We killed Tuesday with errands and more ice cream and sitting around. We touched base by phone with our captains and kayakers. Wednesday morning we filled our bottle with our sports drinks and packed our bags and headed for the beach at 8:30am. Our starting point is called the baby beach in Menauhant parlance. Not too intimidating.
Kayaker Dave was the first one there, then Mark came soon after. Brian and Mike pulled up to the dock in their boats and we met Karen Kukolich who would be on Brian’s boat and who could have well captained her own boat as gifted as she was about all things aquatic. (Although she is far too young, she reminded me of my Aunt Shirley, one of the most competent and loving women I have ever known.) Mike brought his nephew Mack, a bright and friendly teenager, and we introduced everyone and divvied up our bottles and clothes and then it was time. Several folks come to see us off in addition to Fifi. Mrs. Carr, who along with her husband bought Rob’s family’s beach house, Jeff Gwynn, who had swim from Nobska Point and West Chop, Jeff’s wife, George, and a few happy and curious other people we didn’t know.

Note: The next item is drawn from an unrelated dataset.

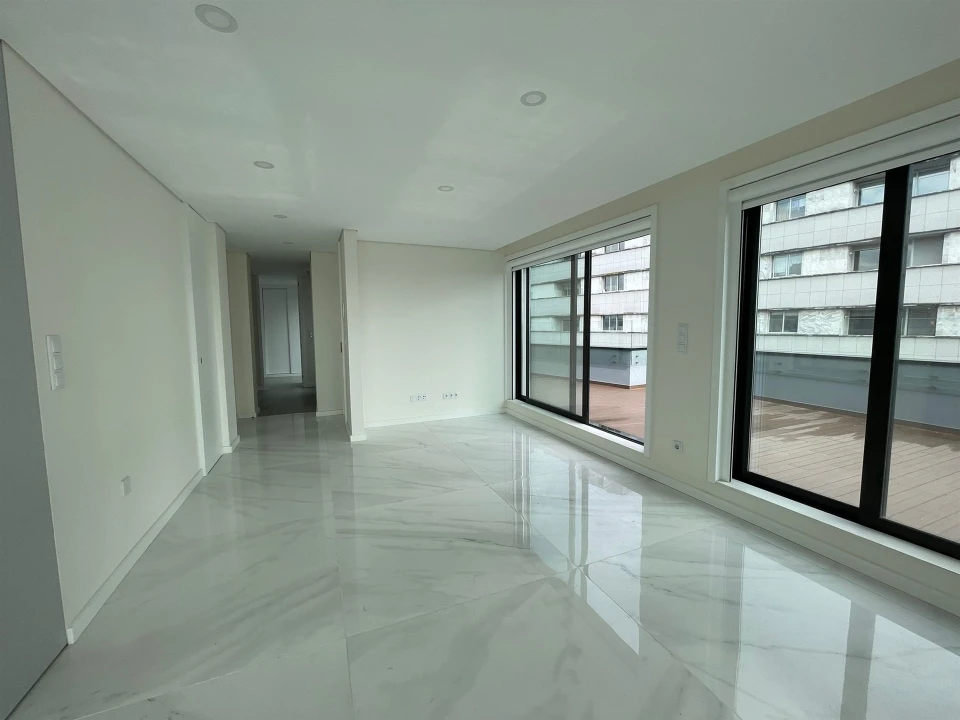 Apartamento T2 para Venda em Cidade da Maia Foto 18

Rob and I kissed each other twice – once for ourselves and once because Fifi called for an encore - put on our goggles and walked into the glassy water and started swimming.  Two hours and forty minutes later, Rob walked out. 55 minutes after him, so did I. Time disappeared for me during most of my swim, and I just felt enveloped by love. Love of swimming, love of the ocean, love of all the people involved old and new, just love. I know it sounds sappy, but it’s what it was. Until the end of course when the island didn’t want to let me come ashore. (The currrents kicked up as we knew they would, but it was still a little bit of a shock.) But if it hadn’t gotten hard, I might have felt a little cheated. The best part for me was when Mike brought his boat over and I got to see Rob and Kate. Mike helped Brian and Karen fend off the boats and ferries that were aiming for me.

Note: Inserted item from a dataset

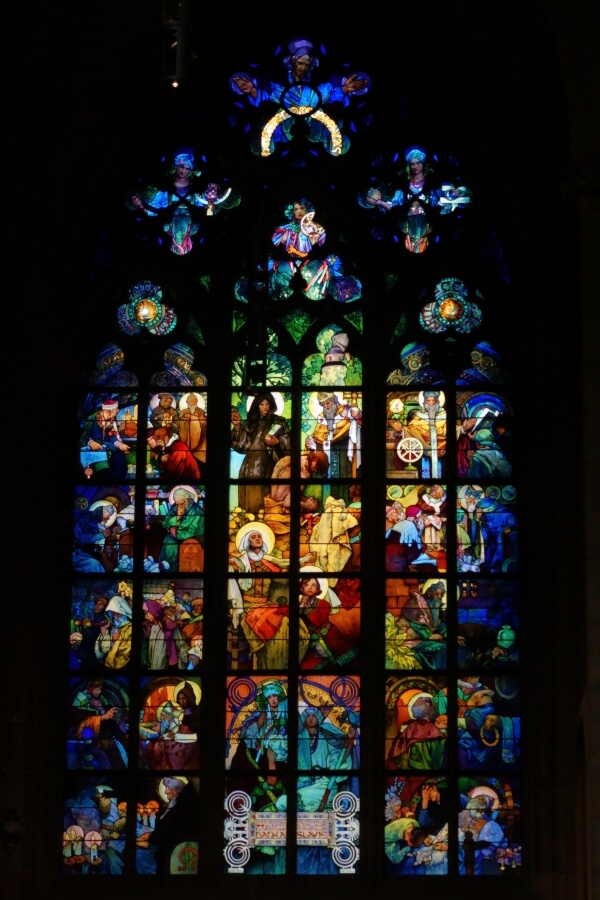 聖ヴィート大聖堂 | プラハ見のどころ観光情報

Everyone was so amazing, and I want to go back. I want to swim in that water as much as I can. I know it will not always be that friendly, but I want to get to know it. I want to get to know it like family. I want to learn more from the people who helped us. I want to do something, anything for them. It was home.

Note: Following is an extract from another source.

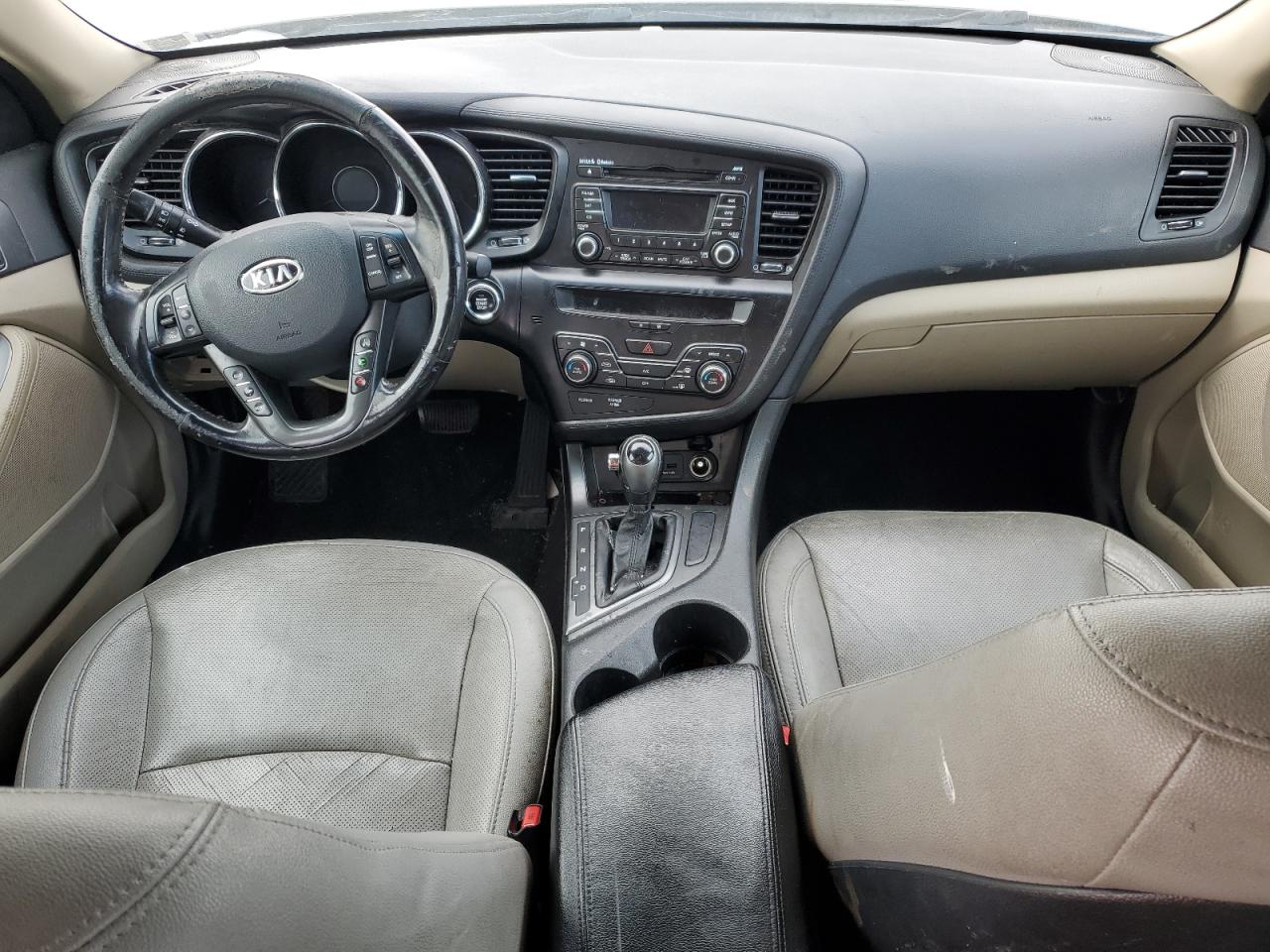 2011 Kia Optima - Image 8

Rob said the swim was all he could have hoped for and that the week we spent on the Cape was more than he could have hoped for. And that week would never have happened if we hadn’t decided to do the swim which started out so scary in our minds when we were planning and ended up so sweet. Life moves in funny ways, just like water.
Now is the strange time. The lonely time after all the effort. It took eight people to get us across that water and I will always feel bound to them. I hope they don’t mind.
And I feel even more connected to my husband and his past and who and what made him. It was a big crazy goal to do what we did and we were rewarded. Now to pay it back somehow.
Thank you to everyone, from the bottom of my heart. I can see that we’re home.